[Excerpts from a dataset]

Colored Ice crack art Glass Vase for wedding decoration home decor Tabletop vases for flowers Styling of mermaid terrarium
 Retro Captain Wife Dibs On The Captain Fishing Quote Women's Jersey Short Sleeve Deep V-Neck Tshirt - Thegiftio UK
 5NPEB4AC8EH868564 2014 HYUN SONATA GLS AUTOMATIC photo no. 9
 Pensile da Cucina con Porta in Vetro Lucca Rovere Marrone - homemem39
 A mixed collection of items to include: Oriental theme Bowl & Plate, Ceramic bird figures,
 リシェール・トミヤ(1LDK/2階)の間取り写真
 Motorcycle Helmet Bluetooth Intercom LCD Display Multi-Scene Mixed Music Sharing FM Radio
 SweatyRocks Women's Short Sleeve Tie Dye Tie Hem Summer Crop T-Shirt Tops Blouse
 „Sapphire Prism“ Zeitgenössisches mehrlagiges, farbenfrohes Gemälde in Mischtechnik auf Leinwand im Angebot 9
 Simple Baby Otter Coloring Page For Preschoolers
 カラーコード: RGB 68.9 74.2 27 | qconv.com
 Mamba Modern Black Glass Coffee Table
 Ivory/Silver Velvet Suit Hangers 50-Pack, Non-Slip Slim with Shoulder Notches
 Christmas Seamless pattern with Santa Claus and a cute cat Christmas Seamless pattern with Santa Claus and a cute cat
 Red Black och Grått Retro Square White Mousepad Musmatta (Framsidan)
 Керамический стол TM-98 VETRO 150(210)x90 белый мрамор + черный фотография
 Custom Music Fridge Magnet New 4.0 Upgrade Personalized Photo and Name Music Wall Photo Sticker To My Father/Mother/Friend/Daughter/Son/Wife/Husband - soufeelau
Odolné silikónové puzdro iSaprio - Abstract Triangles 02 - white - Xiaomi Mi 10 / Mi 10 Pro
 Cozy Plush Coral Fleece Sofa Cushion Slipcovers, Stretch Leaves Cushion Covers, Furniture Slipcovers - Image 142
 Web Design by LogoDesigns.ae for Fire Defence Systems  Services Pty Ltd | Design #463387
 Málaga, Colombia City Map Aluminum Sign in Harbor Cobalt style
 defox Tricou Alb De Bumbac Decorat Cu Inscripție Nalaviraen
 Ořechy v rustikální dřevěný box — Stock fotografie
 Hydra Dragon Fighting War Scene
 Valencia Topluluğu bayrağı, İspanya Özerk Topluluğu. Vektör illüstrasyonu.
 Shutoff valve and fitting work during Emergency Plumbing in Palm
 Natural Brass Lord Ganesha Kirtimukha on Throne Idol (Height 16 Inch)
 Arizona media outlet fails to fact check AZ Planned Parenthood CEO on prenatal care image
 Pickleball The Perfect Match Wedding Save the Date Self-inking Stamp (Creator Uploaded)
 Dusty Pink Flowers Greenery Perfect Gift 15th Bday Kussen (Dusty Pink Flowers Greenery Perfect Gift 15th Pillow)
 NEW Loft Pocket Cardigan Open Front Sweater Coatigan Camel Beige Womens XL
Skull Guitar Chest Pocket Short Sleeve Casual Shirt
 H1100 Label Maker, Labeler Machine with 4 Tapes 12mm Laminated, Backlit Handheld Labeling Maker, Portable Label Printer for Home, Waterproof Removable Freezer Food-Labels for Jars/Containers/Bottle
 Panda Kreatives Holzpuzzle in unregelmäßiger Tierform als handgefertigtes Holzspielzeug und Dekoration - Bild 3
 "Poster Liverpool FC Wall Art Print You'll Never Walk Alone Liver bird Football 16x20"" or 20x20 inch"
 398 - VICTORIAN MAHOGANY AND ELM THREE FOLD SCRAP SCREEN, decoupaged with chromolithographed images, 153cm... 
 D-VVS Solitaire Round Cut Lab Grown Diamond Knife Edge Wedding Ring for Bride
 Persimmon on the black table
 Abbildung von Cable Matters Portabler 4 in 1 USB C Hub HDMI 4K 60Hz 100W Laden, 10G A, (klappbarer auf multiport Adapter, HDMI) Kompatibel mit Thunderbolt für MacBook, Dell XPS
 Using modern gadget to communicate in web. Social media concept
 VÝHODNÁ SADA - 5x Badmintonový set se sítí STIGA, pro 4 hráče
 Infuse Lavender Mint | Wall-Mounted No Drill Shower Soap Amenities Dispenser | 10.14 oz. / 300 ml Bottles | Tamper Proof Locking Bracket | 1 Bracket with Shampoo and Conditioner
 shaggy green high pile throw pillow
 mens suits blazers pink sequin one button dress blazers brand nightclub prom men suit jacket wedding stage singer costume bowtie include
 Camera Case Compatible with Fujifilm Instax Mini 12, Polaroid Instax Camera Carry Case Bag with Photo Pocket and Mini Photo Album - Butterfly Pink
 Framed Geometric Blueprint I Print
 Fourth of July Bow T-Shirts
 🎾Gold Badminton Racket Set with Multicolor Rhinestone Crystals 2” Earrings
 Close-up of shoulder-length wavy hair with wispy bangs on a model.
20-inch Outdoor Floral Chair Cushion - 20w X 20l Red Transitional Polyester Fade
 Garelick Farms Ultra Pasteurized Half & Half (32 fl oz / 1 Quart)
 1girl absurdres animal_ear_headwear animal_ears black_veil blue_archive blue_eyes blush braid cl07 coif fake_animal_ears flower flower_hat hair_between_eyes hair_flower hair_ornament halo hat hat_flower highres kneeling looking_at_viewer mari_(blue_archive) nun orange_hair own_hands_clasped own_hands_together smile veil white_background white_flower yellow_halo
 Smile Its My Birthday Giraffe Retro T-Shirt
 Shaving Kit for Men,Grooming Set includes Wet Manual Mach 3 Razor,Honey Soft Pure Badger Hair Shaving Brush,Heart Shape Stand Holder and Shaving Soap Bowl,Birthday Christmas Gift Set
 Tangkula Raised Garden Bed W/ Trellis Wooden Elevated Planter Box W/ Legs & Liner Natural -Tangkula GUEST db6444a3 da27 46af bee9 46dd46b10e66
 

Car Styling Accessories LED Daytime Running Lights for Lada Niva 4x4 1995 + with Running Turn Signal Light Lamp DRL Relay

## EXERCISE
Please return the records above exactly as they are written.

## YOUR SOLUTION
Colored Ice crack art Glass Vase for wedding decoration home decor Tabletop vases for flowers Styling of mermaid terrarium
 Retro Captain Wife Dibs On The Captain Fishing Quote Women's Jersey Short Sleeve Deep V-Neck Tshirt - Thegiftio UK
 5NPEB4AC8EH868564 2014 HYUN SONATA GLS AUTOMATIC photo no. 9
 Pensile da Cucina con Porta in Vetro Lucca Rovere Marrone - homemem39
 A mixed collection of items to include: Oriental theme Bowl & Plate, Ceramic bird figures,
 リシェール・トミヤ(1LDK/2階)の間取り写真
 Motorcycle Helmet Bluetooth Intercom LCD Display Multi-Scene Mixed Music Sharing FM Radio
 SweatyRocks Women's Short Sleeve Tie Dye Tie Hem Summer Crop T-Shirt Tops Blouse
 „Sapphire Prism“ Zeitgenössisches mehrlagiges, farbenfrohes Gemälde in Mischtechnik auf Leinwand im Angebot 9
 Simple Baby Otter Coloring Page For Preschoolers
 カラーコード: RGB 68.9 74.2 27 | qconv.com
 Mamba Modern Black Glass Coffee Table
 Ivory/Silver Velvet Suit Hangers 50-Pack, Non-Slip Slim with Shoulder Notches
 Christmas Seamless pattern with Santa Claus and a cute cat Christmas Seamless pattern with Santa Claus and a cute cat
 Red Black och Grått Retro Square White Mousepad Musmatta (Framsidan)
 Керамический стол TM-98 VETRO 150(210)x90 белый мрамор + черный фотография
 Custom Music Fridge Magnet New 4.0 Upgrade Personalized Photo and Name Music Wall Photo Sticker To My Father/Mother/Friend/Daughter/Son/Wife/Husband - soufeelau
Odolné silikónové puzdro iSaprio - Abstract Triangles 02 - white - Xiaomi Mi 10 / Mi 10 Pro
 Cozy Plush Coral Fleece Sofa Cushion Slipcovers, Stretch Leaves Cushion Covers, Furniture Slipcovers - Image 142
 Web Design by LogoDesigns.ae for Fire Defence Systems  Services Pty Ltd | Design #463387
 Málaga, Colombia City Map Aluminum Sign in Harbor Cobalt style
 defox Tricou Alb De Bumbac Decorat Cu Inscripție Nalaviraen
 Ořechy v rustikální dřevěný box — Stock fotografie
 Hydra Dragon Fighting War Scene
 Valencia Topluluğu bayrağı, İspanya Özerk Topluluğu. Vektör illüstrasyonu.
 Shutoff valve and fitting work during Emergency Plumbing in Palm
 Natural Brass Lord Ganesha Kirtimukha on Throne Idol (Height 16 Inch)
 Arizona media outlet fails to fact check AZ Planned Parenthood CEO on prenatal care image
 Pickleball The Perfect Match Wedding Save the Date Self-inking Stamp (Creator Uploaded)
 Dusty Pink Flowers Greenery Perfect Gift 15th Bday Kussen (Dusty Pink Flowers Greenery Perfect Gift 15th Pillow)
 NEW Loft Pocket Cardigan Open Front Sweater Coatigan Camel Beige Womens XL
Skull Guitar Chest Pocket Short Sleeve Casual Shirt
 H1100 Label Maker, Labeler Machine with 4 Tapes 12mm Laminated, Backlit Handheld Labeling Maker, Portable Label Printer for Home, Waterproof Removable Freezer Food-Labels for Jars/Containers/Bottle
 Panda Kreatives Holzpuzzle in unregelmäßiger Tierform als handgefertigtes Holzspielzeug und Dekoration - Bild 3
 "Poster Liverpool FC Wall Art Print You'll Never Walk Alone Liver bird Football 16x20"" or 20x20 inch"
 398 - VICTORIAN MAHOGANY AND ELM THREE FOLD SCRAP SCREEN, decoupaged with chromolithographed images, 153cm... 
 D-VVS Solitaire Round Cut Lab Grown Diamond Knife Edge Wedding Ring for Bride
 Persimmon on the black table
 Abbildung von Cable Matters Portabler 4 in 1 USB C Hub HDMI 4K 60Hz 100W Laden, 10G A, (klappbarer auf multiport Adapter, HDMI) Kompatibel mit Thunderbolt für MacBook, Dell XPS
 Using modern gadget to communicate in web. Social media concept
 VÝHODNÁ SADA - 5x Badmintonový set se sítí STIGA, pro 4 hráče
 Infuse Lavender Mint | Wall-Mounted No Drill Shower Soap Amenities Dispenser | 10.14 oz. / 300 ml Bottles | Tamper Proof Locking Bracket | 1 Bracket with Shampoo and Conditioner
 shaggy green high pile throw pillow
 mens suits blazers pink sequin one button dress blazers brand nightclub prom men suit jacket wedding stage singer costume bowtie include
 Camera Case Compatible with Fujifilm Instax Mini 12, Polaroid Instax Camera Carry Case Bag with Photo Pocket and Mini Photo Album - Butterfly Pink
 Framed Geometric Blueprint I Print
 Fourth of July Bow T-Shirts
 🎾Gold Badminton Racket Set with Multicolor Rhinestone Crystals 2” Earrings
 Close-up of shoulder-length wavy hair with wispy bangs on a model.
20-inch Outdoor Floral Chair Cushion - 20w X 20l Red Transitional Polyester Fade
 Garelick Farms Ultra Pasteurized Half & Half (32 fl oz / 1 Quart)
 1girl absurdres animal_ear_headwear animal_ears black_veil blue_archive blue_eyes blush braid cl07 coif fake_animal_ears flower flower_hat hair_between_eyes hair_flower hair_ornament halo hat hat_flower highres kneeling looking_at_viewer mari_(blue_archive) nun orange_hair own_hands_clasped own_hands_together smile veil white_background white_flower yellow_halo
 Smile Its My Birthday Giraffe Retro T-Shirt
 Shaving Kit for Men,Grooming Set includes Wet Manual Mach 3 Razor,Honey Soft Pure Badger Hair Shaving Brush,Heart Shape Stand Holder and Shaving Soap Bowl,Birthday Christmas Gift Set
 Tangkula Raised Garden Bed W/ Trellis Wooden Elevated Planter Box W/ Legs & Liner Natural -Tangkula GUEST db6444a3 da27 46af bee9 46dd46b10e66
 

Car Styling Accessories LED Daytime Running Lights for Lada Niva 4x4 1995 + with Running Turn Signal Light Lamp DRL Relay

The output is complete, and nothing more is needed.